The next election is due in 2027.

===Elections===

Since the last full review of boundaries in 2015, the council has comprised 36 councillors representing 21 wards, with each ward electing one, two or three councillors. Elections are held every four years.

===Premises===
The council was initially based in various premises across the district in Henley, Thame, Wheatley, Wallingford and Didcot inherited from its predecessor authorities. In 1981 the council moved to a purpose-built headquarters on Benson Lane, Crowmarsh Gifford, near Wallingford.

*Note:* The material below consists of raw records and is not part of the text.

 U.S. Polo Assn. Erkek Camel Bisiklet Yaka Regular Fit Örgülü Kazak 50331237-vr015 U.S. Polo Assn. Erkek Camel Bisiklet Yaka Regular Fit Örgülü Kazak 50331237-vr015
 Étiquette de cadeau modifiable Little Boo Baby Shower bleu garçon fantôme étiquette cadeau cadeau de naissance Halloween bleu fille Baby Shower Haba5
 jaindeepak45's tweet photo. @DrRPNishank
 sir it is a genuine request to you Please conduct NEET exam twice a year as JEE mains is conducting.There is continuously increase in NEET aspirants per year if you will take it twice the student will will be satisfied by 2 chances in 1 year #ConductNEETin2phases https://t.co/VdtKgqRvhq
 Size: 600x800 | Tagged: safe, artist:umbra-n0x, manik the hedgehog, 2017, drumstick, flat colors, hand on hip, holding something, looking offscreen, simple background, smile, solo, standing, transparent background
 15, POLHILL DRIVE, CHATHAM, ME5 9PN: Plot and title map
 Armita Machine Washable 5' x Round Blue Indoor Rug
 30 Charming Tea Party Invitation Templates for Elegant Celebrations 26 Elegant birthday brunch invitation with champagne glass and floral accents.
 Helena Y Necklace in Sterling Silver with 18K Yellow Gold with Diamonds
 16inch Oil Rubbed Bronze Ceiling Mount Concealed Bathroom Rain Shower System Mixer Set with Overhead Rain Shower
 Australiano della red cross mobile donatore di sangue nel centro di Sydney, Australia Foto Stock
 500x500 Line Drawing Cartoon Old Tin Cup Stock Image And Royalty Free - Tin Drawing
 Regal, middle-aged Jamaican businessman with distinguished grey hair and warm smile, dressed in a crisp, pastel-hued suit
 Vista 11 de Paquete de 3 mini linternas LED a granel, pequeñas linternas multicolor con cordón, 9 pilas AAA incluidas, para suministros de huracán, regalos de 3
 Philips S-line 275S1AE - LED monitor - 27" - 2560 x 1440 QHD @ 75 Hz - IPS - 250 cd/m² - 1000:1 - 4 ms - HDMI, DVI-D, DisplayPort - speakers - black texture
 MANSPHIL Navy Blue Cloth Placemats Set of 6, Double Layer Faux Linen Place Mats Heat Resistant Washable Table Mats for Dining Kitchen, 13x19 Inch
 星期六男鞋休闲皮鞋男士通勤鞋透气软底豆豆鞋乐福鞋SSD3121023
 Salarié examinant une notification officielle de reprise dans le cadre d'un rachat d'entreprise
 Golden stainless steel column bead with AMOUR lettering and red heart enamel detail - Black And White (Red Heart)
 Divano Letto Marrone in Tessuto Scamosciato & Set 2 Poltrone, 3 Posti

On 15 January 2015, an arson attack destroyed the district council's main offices in Crowmarsh Gifford. As the fire started in the early hours of the morning there were no fatalities or injuries. Immediately after the fire, the council was temporarily based in Abingdon, in the neighbouring Vale of White Horse district. From later in 2015 until 2022 the council was based at Milton Park, sharing a building with Vale of White Horse District Council. The Council initially intended to return to Crowmarsh, but in October 2020 it was announced that both councils plan on relocating to a new building in Didcot, to be built on a site known as Didcot Gateway opposite Didcot Parkway railway station, aiming for completion in 2023. In 2022 the councils vacated Milton Park and returned to Abingdon, again on a temporary basis, whilst waiting for the Didcot Gateway scheme to be ready. In July 2025, the council decided to stop any new work on the Didcot Gateway project because of the impending Local Government Reorganisation.

==Media==
In terms of television, the area is served by BBC South and ITV Meridian broadcast from the Oxford transmitter. However, southern parts of the district which includes Henley-on-Thames is served by BBC London and ITV London broadcasting from the Crystal Palace transmitter.

Radio stations for the area are BBC Radio Oxford, BBC Radio Berkshire (covering Henley-on-Thames), Heart South, and Greatest Hits Radio.

Local newspapers are Oxfordshire Guardian, Oxford Mail and Henley Standard.

==Recycling==
South Oxfordshire has consistently one of the best recycling rates in England, coming top of the league table of the percentage of waste sent for recycling, reuse or composting in 2022/23 and 2023/24, with 62.9% of waste now recycled. The local authority has been placed at or near the top of the league table for over a decade.

==Energy consumption==
In May 2006, a report commissioned by British Gas showed that housing in South Oxfordshire produced the 5th highest average carbon emissions in the country at 7,356 kg of carbon dioxide per dwelling.